─── Information provided ───

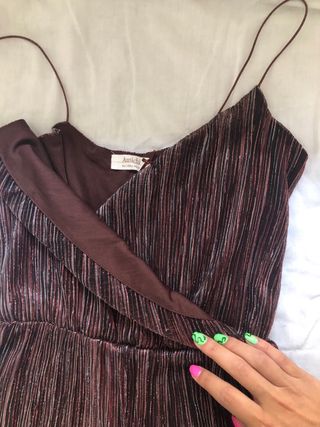 Mono color burdeos de Amichi.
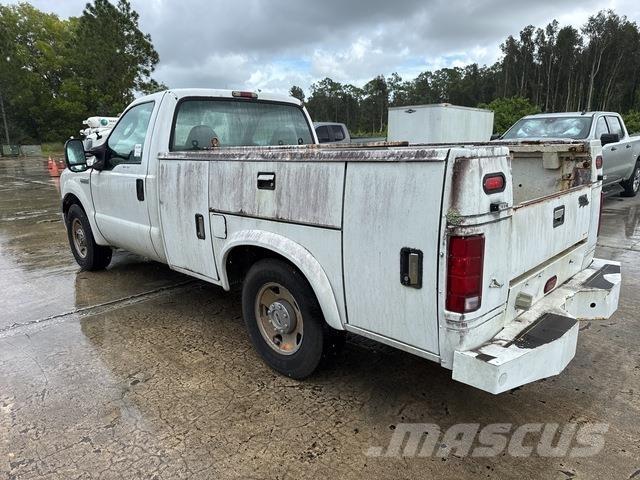 Ford F-250 Pikapai / Bortiniai sunkvežimiai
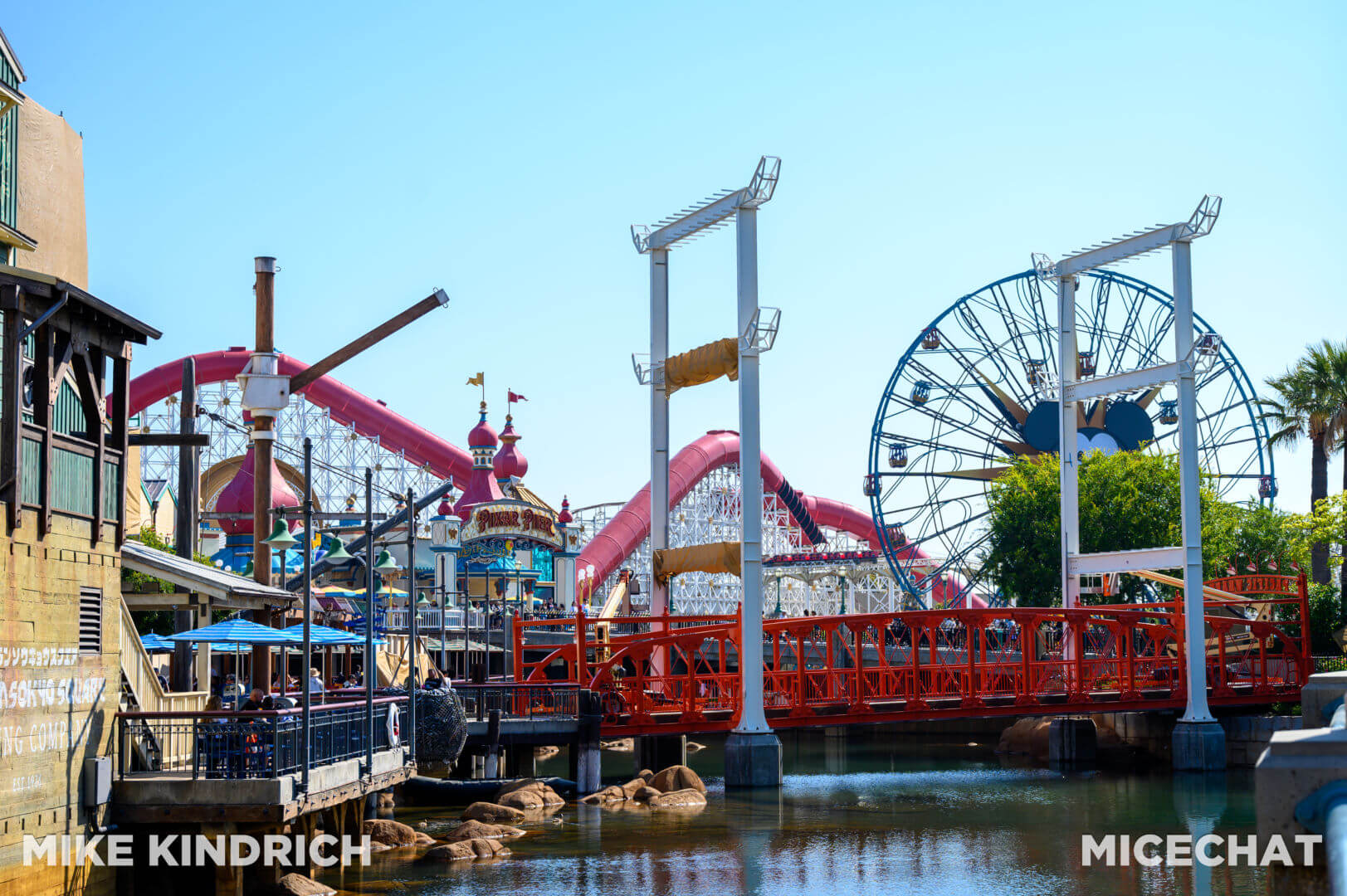 , Disneyland Update – Red, White & Boooooo!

───

_What to produce_:
Write out again, word for word, only the lines from the one with "Ford F-250 Pikapai / Bortiniai sunkvežimiai" through the last line of the material, and omit each picture.

_Written response_:
 Ford F-250 Pikapai / Bortiniai sunkvežimiai
 , Disneyland Update – Red, White & Boooooo!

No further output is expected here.